在这种情况下,有人可以建议如何找到费用吗? 如果是非线性探测,方法是否会有所不同?

解决方案

标准方法是查找元素,将其标记为已删除".标记显然具有O(1)成本,因此总操作成本与查找相同:O(1) expected .在简并的情况下(例如,所有元素具有相同的哈希值),它可能高达O( n ).理论上我们只能说O(1).

关于负载系数.负载系数越高(占用的桶数与总数之比),期望的系数就越大(但这不会改变理论上的O成本).请注意,在这种情况下,负载系数包括表元素中同时存在的两个数量以及之前标记为已删除的存储桶的数量.

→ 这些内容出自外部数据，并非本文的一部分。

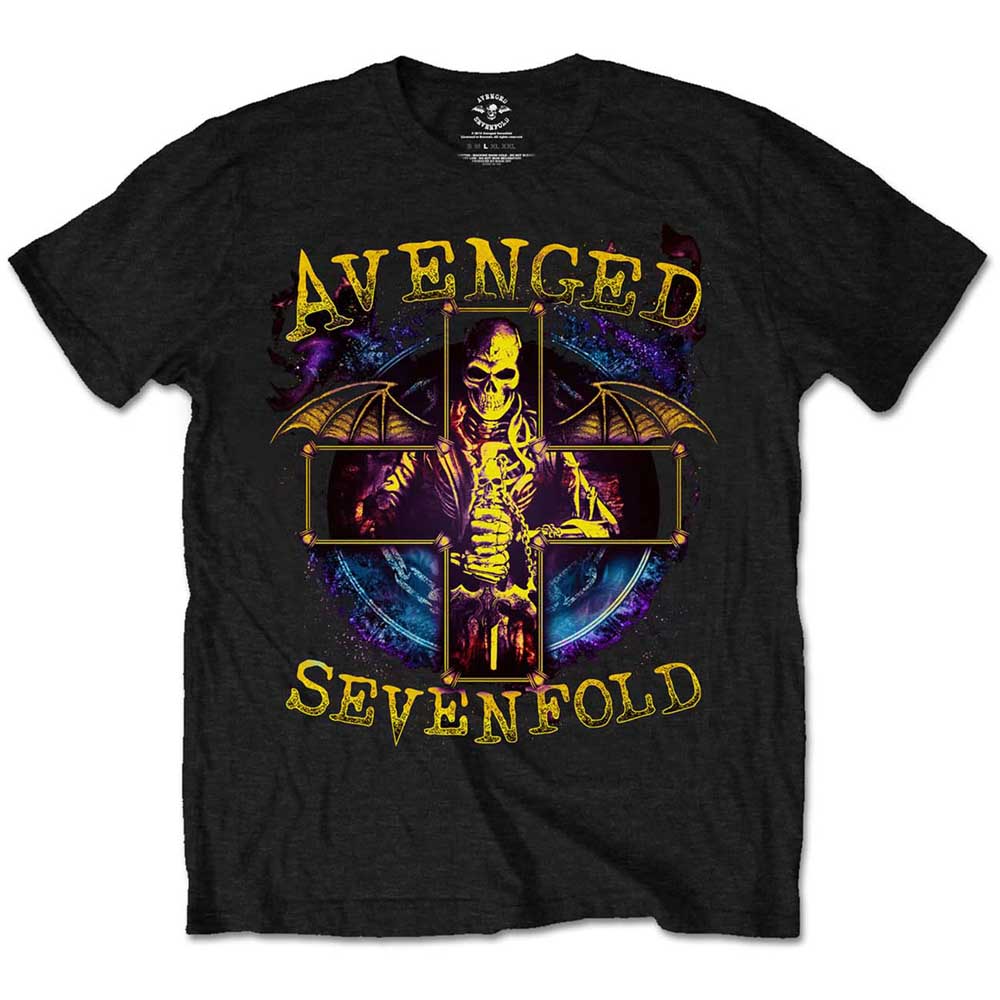 Billede af Avenged Sevenfold Stellar T-shirt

其他探测类型(例如二次)不会改变理论成本,但可能会更改预期的恒定因子或其方差.如果您查看后备"序列,则按线性顺序将不同存储桶的序列重叠.这意味着如果某个存储桶的序列很长,相邻存储桶的序列也将很长.例如:如果存储桶4到10被占用,则存储桶#4的序列为7个存储桶长(4、5、6,...,10),对于#5,存储序列为6,依此类推.对于二次探测,情况并非如此.

但是,由于您检查彼此靠近的存储单元,因此线性探测具有更好的存储高速缓存行为的好处.但是,实际上,对于二次探测,后备序列很少足够长,以至于无济于事.

最后,在线性探测的情况下,可以在没有删除标记的情况下工作,但是为此,您必须使删除过程变得相当复杂(尽管预期仍为O(1),但是更高的常数因子).是否值得,必须通过实际分析来确定;例如,这简化了插入和查找的过程.对于C ++实现,这样做的缺点是,delete()会使迭代器无效.

Now I have this question where I was asked the cost of deleting a value from a hash table when we used linear probing while the insertion process.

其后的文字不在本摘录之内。